Research Compliance Specialist Intermediate

Description

Responsible for conducting pre-review of submissions to the designated research compliance office (human subject/laboratory animals/biologically infectious agent regulations) of new protocols, continuing reviews, and modifications to approved studies. Responsible for pre-review of Unanticipated Problems involving Risks to Subjects or Others and requests to close studies. Other significant responsibilities may include review of correspondence and conducting quality improvement initiatives. Works with other program staff, developing and presenting educational materials, to ensure uniformity of review and compliance with standard operating procedures and applicable federal and state regulations. Serves on relevant administrative committees, such as the Policy Committee, or the Education and Training Committee. Maintain up to date knowledge of state and federal regulations as well as policies, guidelines and ethical codes related to research compliance.
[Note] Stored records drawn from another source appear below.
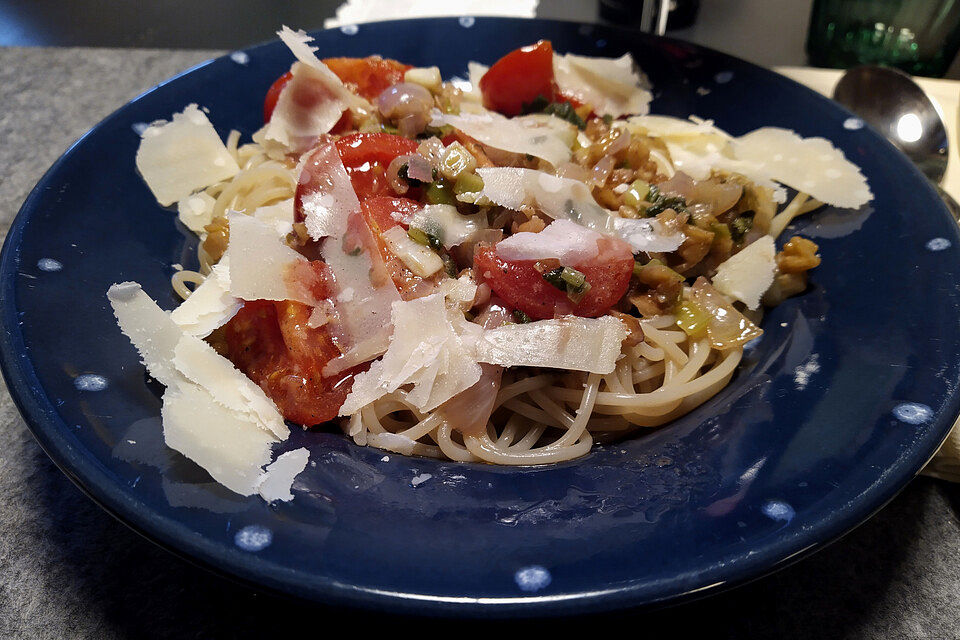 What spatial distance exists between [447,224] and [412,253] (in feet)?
0.43

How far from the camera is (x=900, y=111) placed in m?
2.98

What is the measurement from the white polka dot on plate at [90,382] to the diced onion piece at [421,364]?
500 millimetres

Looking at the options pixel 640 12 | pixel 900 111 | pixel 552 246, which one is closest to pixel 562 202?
pixel 552 246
Education and Experience: Bachelor?s degree or equivalent in education and experience, and 3-5 years of related experience of which two years should be of prior research compliance oversight and/or research experience. Experience with biomedical research is preferred. Employees in this classification typically analyze, compare and evaluate various courses of action and have the authority to make independent decisions on matters of significance, free from immediate direction, within the scope of their responsibilities. Primary activities and decision making authority are predominantly performed independently affecting business operations to a substantial degree. Under FLSA, this is the exempt job classification for this title. Incumbents in this position must meet the full criteria for exempt status: salary level, salary basis, and duties tests.